Set down each entry as it stands. Skip the pictures.

::: Input records

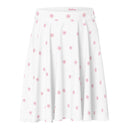 Classic Flare Skirt - Premium Flare Skirts from Arekkusu-Store - Just $28.95! Shop now at Arekkusu-Store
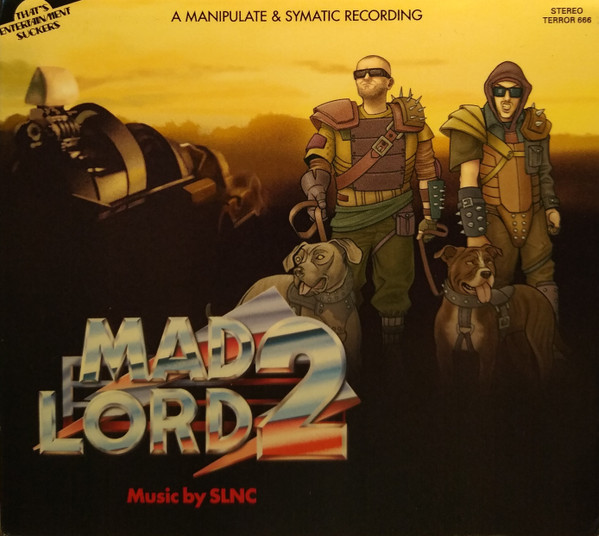 Mad Lord 2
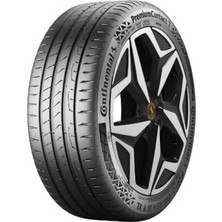 Continental Premiumcontact 7 235/55R18 104Y Xl Fr 4x4 Yaz Lastiği (Üretim Yılı: 2025)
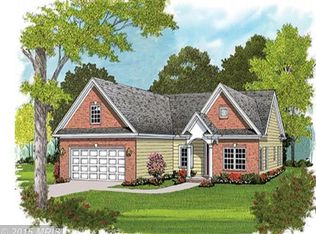 13 Trighton Court, Reisterstown, MD 21136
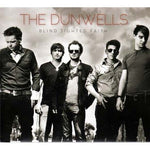 CD The Dunwells - Blind Sighted Faith
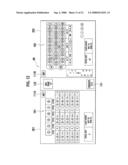 GAME APPARATUS FOR ACCEPTING PARTICIPATION OF PLURAL PLAYERS diagram and image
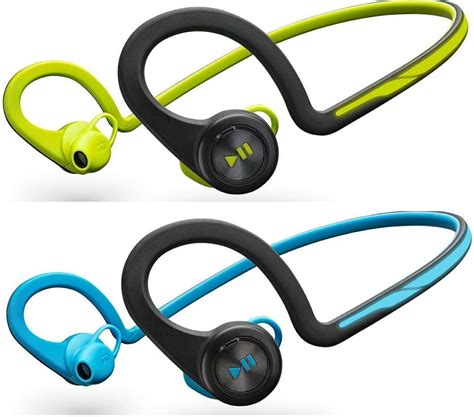Bose vs. Plantronics wireless workout headphones for running
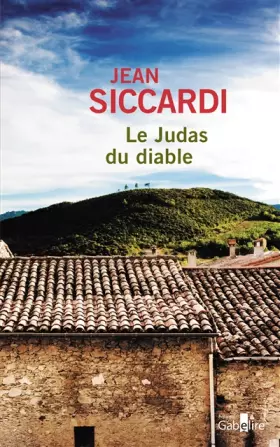 Couverture du produit · Le Judas du diable
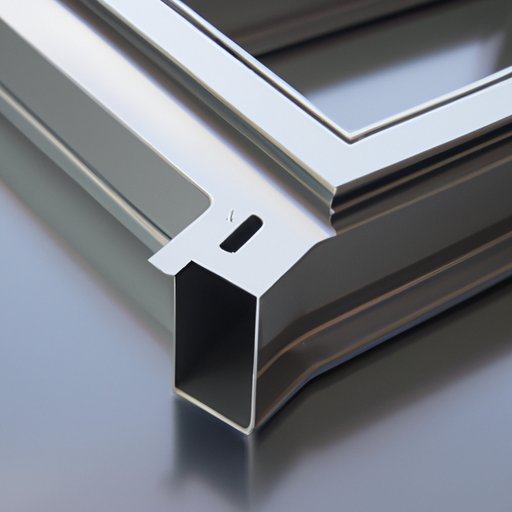 Common Applications for Aluminum Enclosure Corner Profile Extrusions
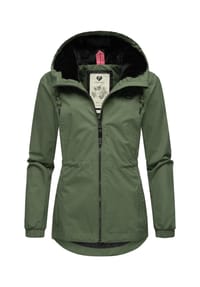 ragwear™ - Übergangsjacke Danka - Baltic24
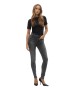 Damen Jeans Flash von Vero Moda in Medium Grey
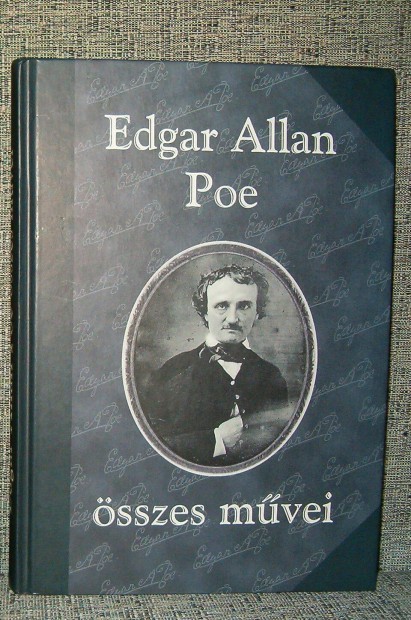 Edgar Allan Poe sszes Mvei 3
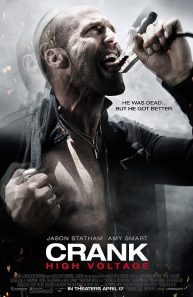 دانلود فیلم Crank: High Voltage 2009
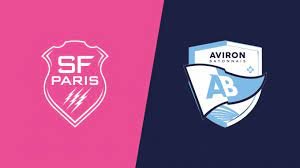 Photo of streams!: Stade Francais vs Aviron Bayonnais Live free rugby Sceduled & REsults 15/09/2022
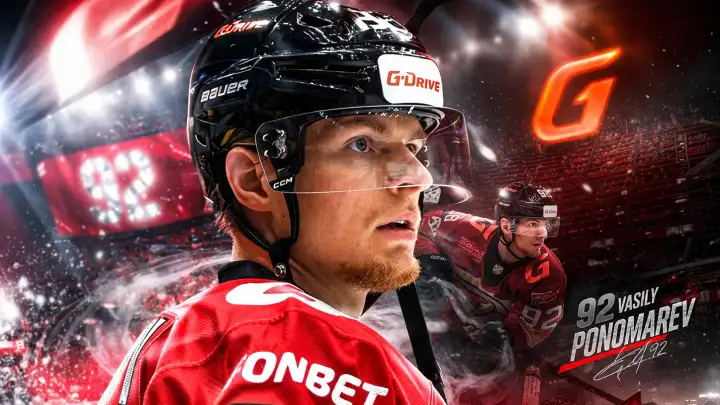 Локомотив вернулся в серию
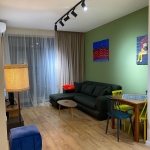 1 bedroom apartment for rent in Didi Digomi 1 7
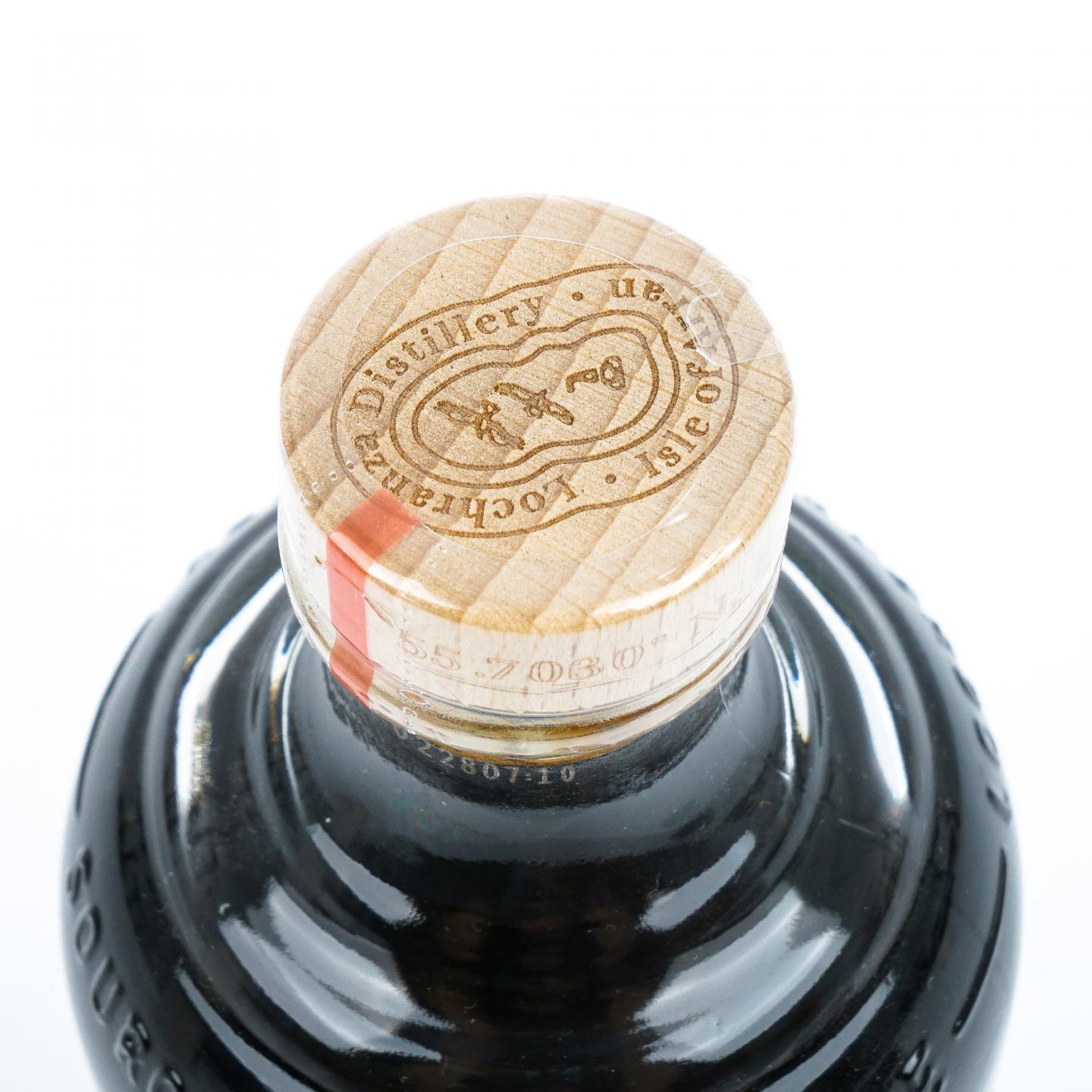 Arran 艾伦 24年 1996-2021 雪莉单桶#1996/751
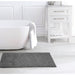 Nina Chenille Oversized Bath Mat 20" x 48"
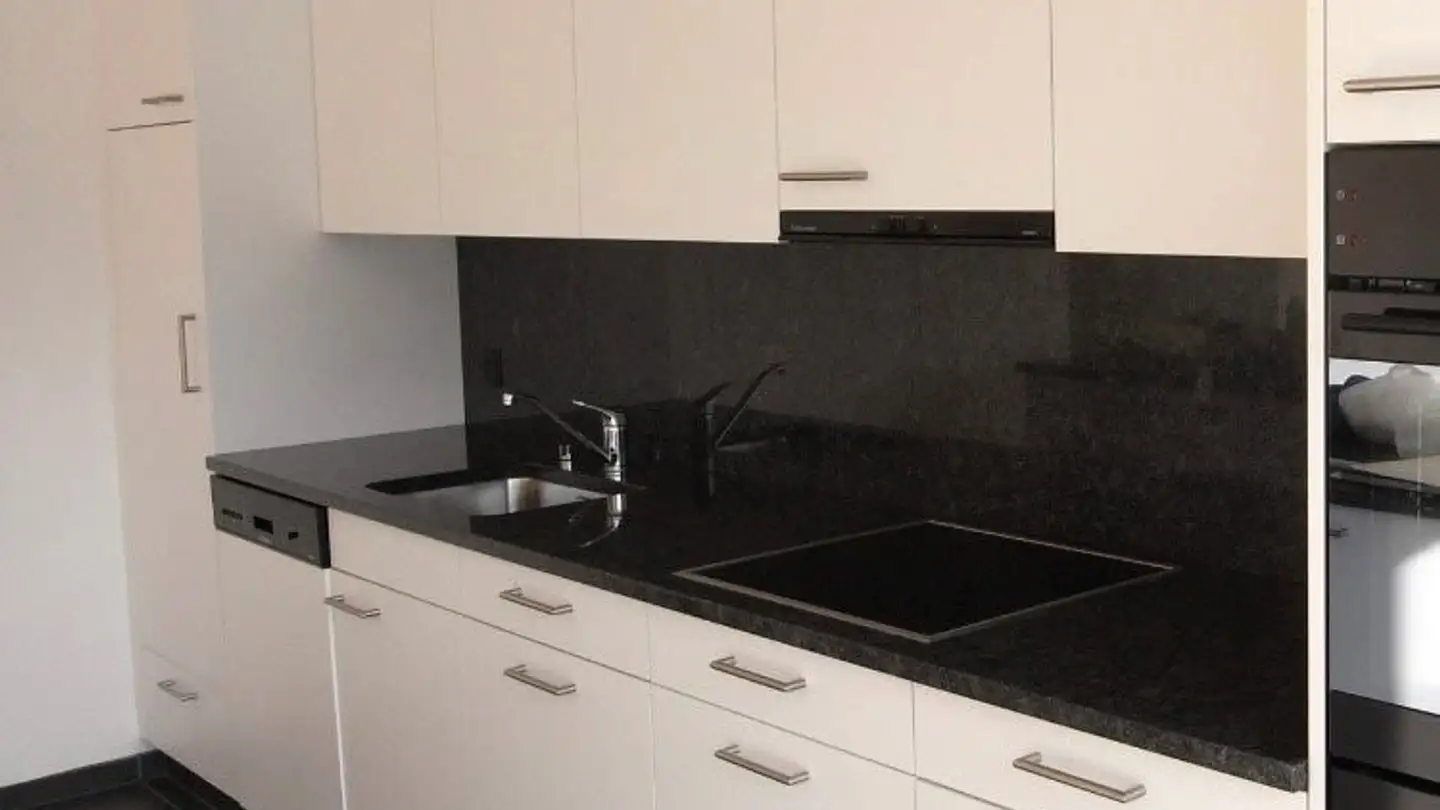 Apartment for rent - Gässli 6, 5737 Menziken - Photo 2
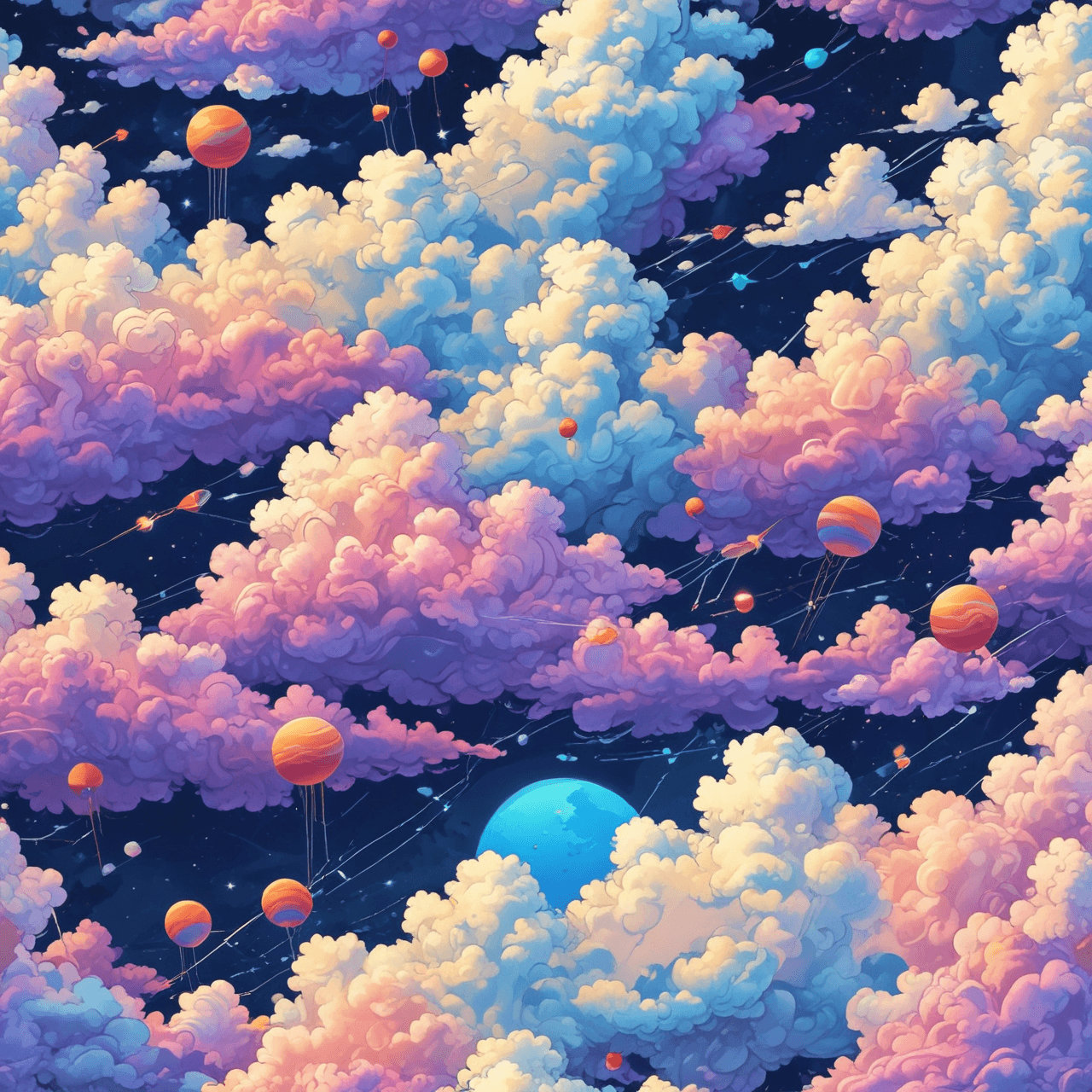 Kinetic Theory Bridge game banner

::::::

◆ **Finished exercise**:
 Classic Flare Skirt - Premium Flare Skirts from Arekkusu-Store - Just $28.95! Shop now at Arekkusu-Store
 Mad Lord 2
 Continental Premiumcontact 7 235/55R18 104Y Xl Fr 4x4 Yaz Lastiği (Üretim Yılı: 2025)
 13 Trighton Court, Reisterstown, MD 21136
 CD The Dunwells - Blind Sighted Faith
 GAME APPARATUS FOR ACCEPTING PARTICIPATION OF PLURAL PLAYERS diagram and image
Bose vs. Plantronics wireless workout headphones for running
 Couverture du produit · Le Judas du diable
 Common Applications for Aluminum Enclosure Corner Profile Extrusions
 ragwear™ - Übergangsjacke Danka - Baltic24
 Damen Jeans Flash von Vero Moda in Medium Grey
 Edgar Allan Poe sszes Mvei 3
 دانلود فیلم Crank: High Voltage 2009
 Photo of streams!: Stade Francais vs Aviron Bayonnais Live free rugby Sceduled & REsults 15/09/2022
 Локомотив вернулся в серию
 1 bedroom apartment for rent in Didi Digomi 1 7
 Arran 艾伦 24年 1996-2021 雪莉单桶#1996/751
 Nina Chenille Oversized Bath Mat 20" x 48"
 Apartment for rent - Gässli 6, 5737 Menziken - Photo 2
 Kinetic Theory Bridge game banner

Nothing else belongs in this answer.